The term "intestinal microbial metabolites", "intestinal microbial metabolites" or "fecal metabolites" refers to a plurality of metabolites produced by intestinal microbes during their metabolism.

The term "biomarker", also referred to as "biological marker", refers to a measurable indicator of a biological state of an individual. Such biomarkers may be any substance in the individual, which may be one marker or a group of markers, as long as they are related to a particular biological state (e.g., disease) of the subject being examined. Biomarkers in the present disclosure are denoted "intestinal biomarkers" because the biomarkers found to be associated with depression are all present in the intestinal tract of the subject. Biomarkers are measured and evaluated, often to examine normal biological processes, pathogenic processes, or therapeutic intervention drug responses, and are useful in many scientific fields.

The "training set", "training data set", "verification set" and "verification data set" refer to that in the machine learning model establishment process of the present disclosure, a sample can be divided into an independent training set and a verification set. The training set is used for training the model, and the verification set is used for verifying the performance of the model.

Detailed description of the preferred embodiments

The present disclosure provides intestinal biomarkers including one or more of intestinal microbiota, fecal metabolites for diagnosing depression.

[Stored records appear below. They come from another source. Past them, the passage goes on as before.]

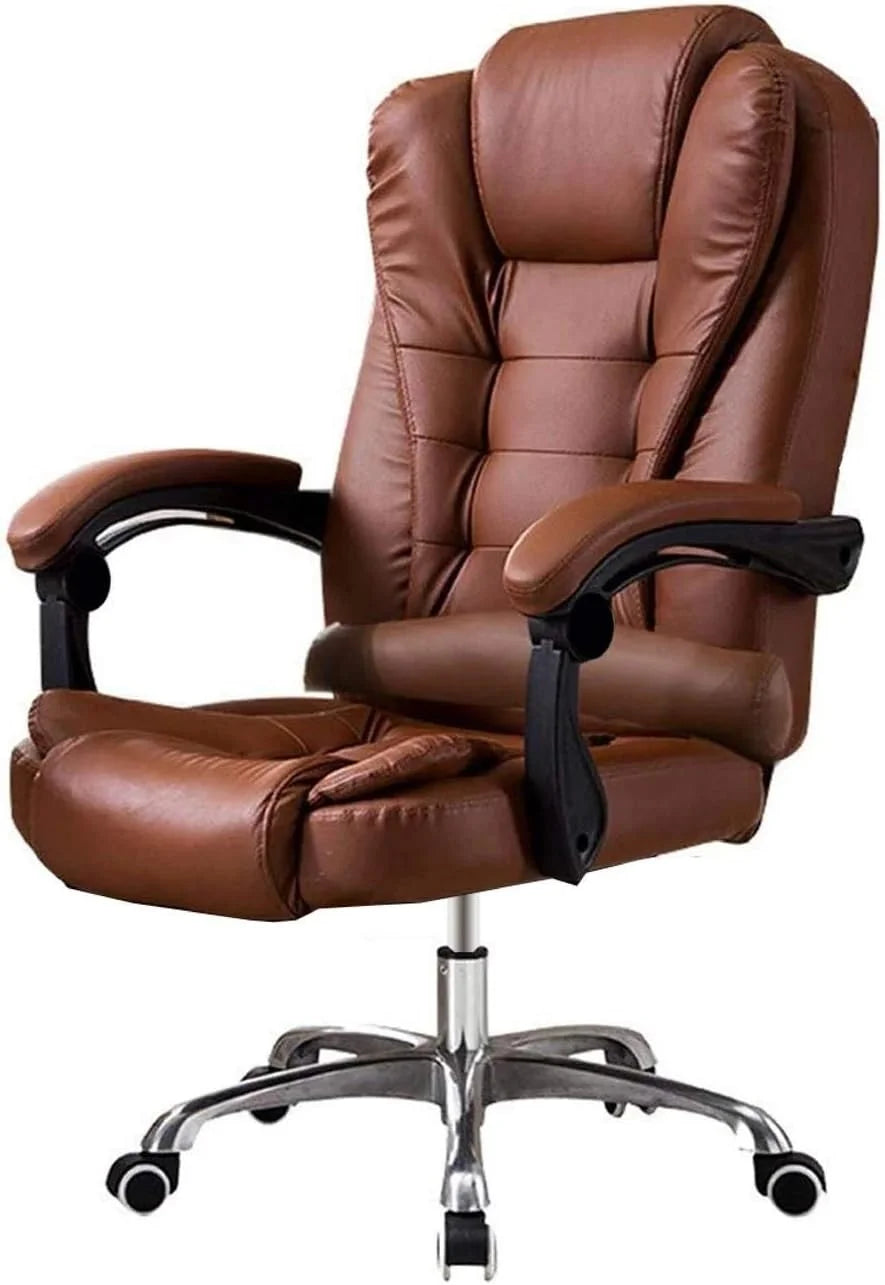 SILLA EJECUTIVA LUXE COMFORT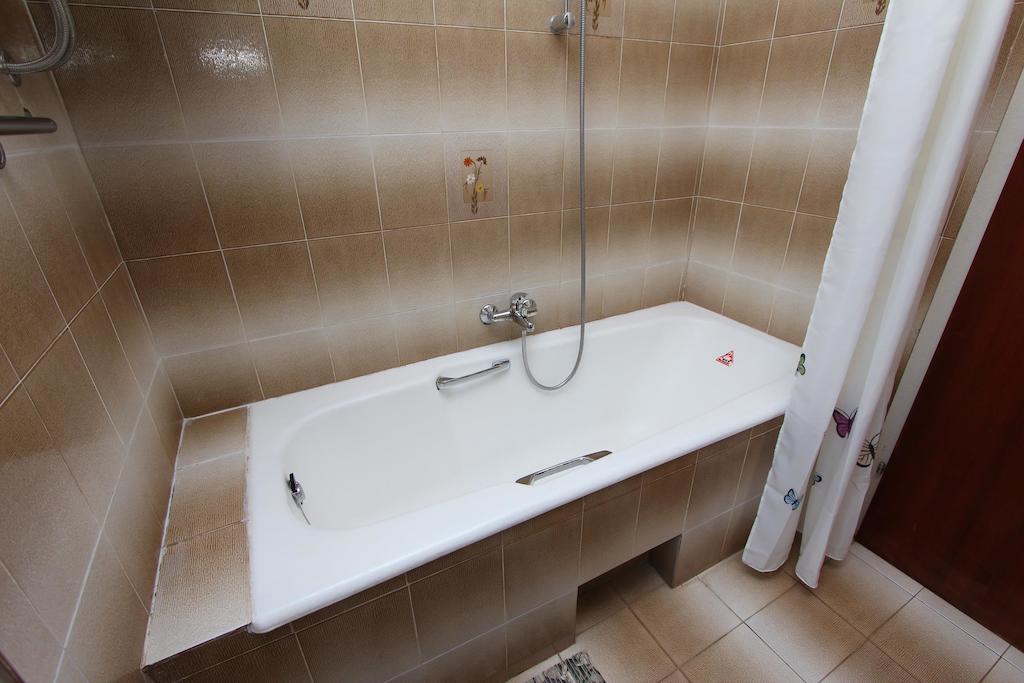 Knezovic Apartment *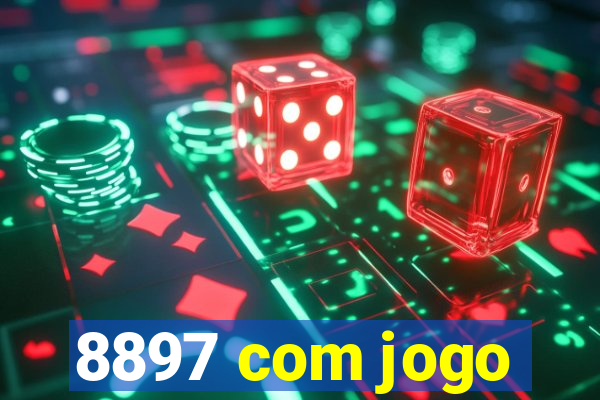 8897 com jogo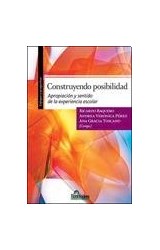 Papel CONSTRUYENDO POSIBILIDAD APROPIACION Y SENTIDO DE LA EX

The present disclosure also provides a detection reagent and/or a kit for detecting the biomarker and/or the intestinal biomarker for diagnosing depression, for detecting the biomarker and/or diagnosing depression.

In one aspect, the present disclosure provides the use of the intestinal biomarker in diagnosing depression.

In one aspect, the present disclosure provides use of a detection reagent for the intestinal biomarker in diagnosing depression.

In one aspect, the present disclosure also provides use of the intestinal biomarker in the preparation of a reagent and/or kit for the diagnostic detection of depression.

In one aspect, the present disclosure also provides a use of the detection reagent for intestinal biomarkers in preparing a kit for diagnosing depression.

In one embodiment of the present disclosure, the kit may be a biochemical diagnostic kit, an immunodiagnostic kit, or a molecular diagnostic kit, etc., and is preferably prepared as the immunodiagnostic kit.

The kit is prepared by adopting the principles or methods of immunology, microbiology, molecular biology and the like, and is used for diagnosing and detecting human diseases, investigating epidemiology and the like in vitro.

The kit may be of a type well known in the art, including, but not limited to, Western blot kits, enzyme linked immunosorbent assay (ELISA) kits, Radioimmunoassay (RIA) kits, radioimmunodiffusion kits, ouchterlony immunodiffusion kits, rocket immunoelectrophoresis kits, immunohistochemical staining kits, immunoprecipitation assays, complement fixation assays, Fluorescence Activated Cell Sorting (FACS) kits, aptamer chip kits, microarray kits, protein chip kits, and the like.

In one embodiment of the present disclosure, the kit comprises a detection reagent for the intestinal biomarker, wherein the detection reagent refers to a nucleic acid molecule, protein, compound, etc. capable of specifically determining the intestinal biomarker, including but not limited to, the nucleic acid molecule, protein, compound, etc. can specifically bind to the intestinal microorganism, the fecal metabolite, and/or the combination thereof.

In one embodiment of the present disclosure, a protein capable of specifically binding to the intestinal biomarker may be selected as the detection reagent, and in another embodiment of the present disclosure, an antibody, which may be an antibody specifically binding to a marker protein, including but not limited to a polyclonal antibody, a monoclonal antibody, a recombinant antibody, and an antigen binding fragment thereof, is preferred as the detection reagent for the intestinal biomarker, as long as it retains an antigen binding function.

In the present disclosure, a detectable marker molecule may be linked to the detection reagent of the intestinal biomarker.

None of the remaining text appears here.